*TASK BRIEF*: Give back exactly the stretch of data below from the line holding "Touch Down Football Solitaire - кадр 6" through the line holding "Bellarosa Scarf Jilbab", both ends included, and leave the remaining lines out.

*Extracted data entries*:

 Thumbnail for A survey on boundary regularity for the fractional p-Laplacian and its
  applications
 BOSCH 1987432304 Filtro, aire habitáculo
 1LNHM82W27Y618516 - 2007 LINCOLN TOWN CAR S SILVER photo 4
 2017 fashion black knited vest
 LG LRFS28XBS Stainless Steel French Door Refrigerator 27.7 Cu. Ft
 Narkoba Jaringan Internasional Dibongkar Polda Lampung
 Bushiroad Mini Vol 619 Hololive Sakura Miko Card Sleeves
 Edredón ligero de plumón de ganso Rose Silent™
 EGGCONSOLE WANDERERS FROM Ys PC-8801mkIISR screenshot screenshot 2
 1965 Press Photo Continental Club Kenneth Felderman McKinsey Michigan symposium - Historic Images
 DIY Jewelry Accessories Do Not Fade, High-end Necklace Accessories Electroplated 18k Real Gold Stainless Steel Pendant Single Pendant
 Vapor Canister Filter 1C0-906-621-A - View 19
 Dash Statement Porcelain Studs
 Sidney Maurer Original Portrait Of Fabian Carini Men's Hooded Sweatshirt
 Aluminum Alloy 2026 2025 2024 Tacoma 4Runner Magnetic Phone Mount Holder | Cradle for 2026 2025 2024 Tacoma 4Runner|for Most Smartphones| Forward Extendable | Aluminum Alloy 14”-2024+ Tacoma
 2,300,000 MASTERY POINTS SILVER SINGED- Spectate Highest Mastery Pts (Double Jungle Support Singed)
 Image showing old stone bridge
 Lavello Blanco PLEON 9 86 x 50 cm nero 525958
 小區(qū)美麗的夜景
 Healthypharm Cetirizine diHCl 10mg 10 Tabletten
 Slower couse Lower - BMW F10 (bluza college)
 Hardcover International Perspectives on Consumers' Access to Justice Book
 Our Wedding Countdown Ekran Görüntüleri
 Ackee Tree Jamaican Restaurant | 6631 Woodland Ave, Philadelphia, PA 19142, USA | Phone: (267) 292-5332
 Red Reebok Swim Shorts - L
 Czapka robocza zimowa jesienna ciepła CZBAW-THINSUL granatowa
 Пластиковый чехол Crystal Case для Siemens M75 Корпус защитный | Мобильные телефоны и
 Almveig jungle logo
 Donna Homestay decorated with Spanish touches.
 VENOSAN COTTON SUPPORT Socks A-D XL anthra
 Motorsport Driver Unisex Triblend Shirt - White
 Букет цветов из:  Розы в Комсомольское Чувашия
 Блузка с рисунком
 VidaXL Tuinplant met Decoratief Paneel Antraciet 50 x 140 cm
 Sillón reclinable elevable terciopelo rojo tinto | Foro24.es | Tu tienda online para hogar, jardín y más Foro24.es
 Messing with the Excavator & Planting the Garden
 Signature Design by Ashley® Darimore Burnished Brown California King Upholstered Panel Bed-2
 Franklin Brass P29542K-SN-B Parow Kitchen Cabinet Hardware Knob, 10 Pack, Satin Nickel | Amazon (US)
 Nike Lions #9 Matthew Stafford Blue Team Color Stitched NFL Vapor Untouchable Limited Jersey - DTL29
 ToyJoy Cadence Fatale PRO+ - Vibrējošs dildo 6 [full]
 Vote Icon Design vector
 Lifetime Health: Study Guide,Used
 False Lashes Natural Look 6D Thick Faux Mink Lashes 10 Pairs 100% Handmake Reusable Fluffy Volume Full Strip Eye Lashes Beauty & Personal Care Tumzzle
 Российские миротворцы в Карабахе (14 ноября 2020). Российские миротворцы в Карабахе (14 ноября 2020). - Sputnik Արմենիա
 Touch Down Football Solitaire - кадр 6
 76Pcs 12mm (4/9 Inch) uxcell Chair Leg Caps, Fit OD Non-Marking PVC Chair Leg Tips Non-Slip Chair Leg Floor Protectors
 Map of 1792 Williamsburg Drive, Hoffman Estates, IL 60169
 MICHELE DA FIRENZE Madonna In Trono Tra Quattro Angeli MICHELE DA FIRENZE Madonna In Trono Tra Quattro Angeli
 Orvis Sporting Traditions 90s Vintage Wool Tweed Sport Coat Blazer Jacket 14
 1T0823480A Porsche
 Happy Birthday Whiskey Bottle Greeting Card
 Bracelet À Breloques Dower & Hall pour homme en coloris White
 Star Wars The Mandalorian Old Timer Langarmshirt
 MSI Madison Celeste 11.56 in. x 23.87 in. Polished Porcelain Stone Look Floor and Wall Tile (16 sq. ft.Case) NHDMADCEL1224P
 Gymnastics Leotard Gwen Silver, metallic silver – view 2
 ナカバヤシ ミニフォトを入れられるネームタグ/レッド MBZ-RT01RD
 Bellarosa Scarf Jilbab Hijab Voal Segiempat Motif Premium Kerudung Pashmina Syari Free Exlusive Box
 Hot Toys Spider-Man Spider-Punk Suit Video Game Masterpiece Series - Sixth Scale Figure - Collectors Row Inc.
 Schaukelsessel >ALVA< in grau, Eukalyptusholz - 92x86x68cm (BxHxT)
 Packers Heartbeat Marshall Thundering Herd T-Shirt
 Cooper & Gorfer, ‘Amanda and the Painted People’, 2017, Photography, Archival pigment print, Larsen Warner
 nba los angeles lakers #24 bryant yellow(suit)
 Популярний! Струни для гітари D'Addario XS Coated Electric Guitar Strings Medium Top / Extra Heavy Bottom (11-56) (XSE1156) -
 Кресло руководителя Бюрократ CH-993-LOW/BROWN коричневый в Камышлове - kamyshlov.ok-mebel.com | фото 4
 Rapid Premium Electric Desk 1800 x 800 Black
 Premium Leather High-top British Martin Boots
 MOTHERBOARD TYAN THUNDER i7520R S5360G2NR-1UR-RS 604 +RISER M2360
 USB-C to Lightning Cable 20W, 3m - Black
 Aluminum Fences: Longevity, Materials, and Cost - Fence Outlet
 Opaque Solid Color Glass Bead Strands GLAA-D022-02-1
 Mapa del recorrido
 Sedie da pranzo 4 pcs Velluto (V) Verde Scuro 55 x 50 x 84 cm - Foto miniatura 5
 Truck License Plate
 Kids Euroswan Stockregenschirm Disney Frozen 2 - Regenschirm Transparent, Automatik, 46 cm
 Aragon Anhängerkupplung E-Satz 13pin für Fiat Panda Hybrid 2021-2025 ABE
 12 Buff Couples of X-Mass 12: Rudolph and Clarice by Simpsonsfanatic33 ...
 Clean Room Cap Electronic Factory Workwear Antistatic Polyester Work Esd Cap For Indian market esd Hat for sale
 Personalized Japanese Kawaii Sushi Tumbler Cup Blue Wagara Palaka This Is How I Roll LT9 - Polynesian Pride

*EXERCISE RESPONSE*:
 Touch Down Football Solitaire - кадр 6
 76Pcs 12mm (4/9 Inch) uxcell Chair Leg Caps, Fit OD Non-Marking PVC Chair Leg Tips Non-Slip Chair Leg Floor Protectors
 Map of 1792 Williamsburg Drive, Hoffman Estates, IL 60169
 MICHELE DA FIRENZE Madonna In Trono Tra Quattro Angeli MICHELE DA FIRENZE Madonna In Trono Tra Quattro Angeli
 Orvis Sporting Traditions 90s Vintage Wool Tweed Sport Coat Blazer Jacket 14
 1T0823480A Porsche
 Happy Birthday Whiskey Bottle Greeting Card
 Bracelet À Breloques Dower & Hall pour homme en coloris White
 Star Wars The Mandalorian Old Timer Langarmshirt
 MSI Madison Celeste 11.56 in. x 23.87 in. Polished Porcelain Stone Look Floor and Wall Tile (16 sq. ft.Case) NHDMADCEL1224P
 Gymnastics Leotard Gwen Silver, metallic silver – view 2
 ナカバヤシ ミニフォトを入れられるネームタグ/レッド MBZ-RT01RD
 Bellarosa Scarf Jilbab Hijab Voal Segiempat Motif Premium Kerudung Pashmina Syari Free Exlusive Box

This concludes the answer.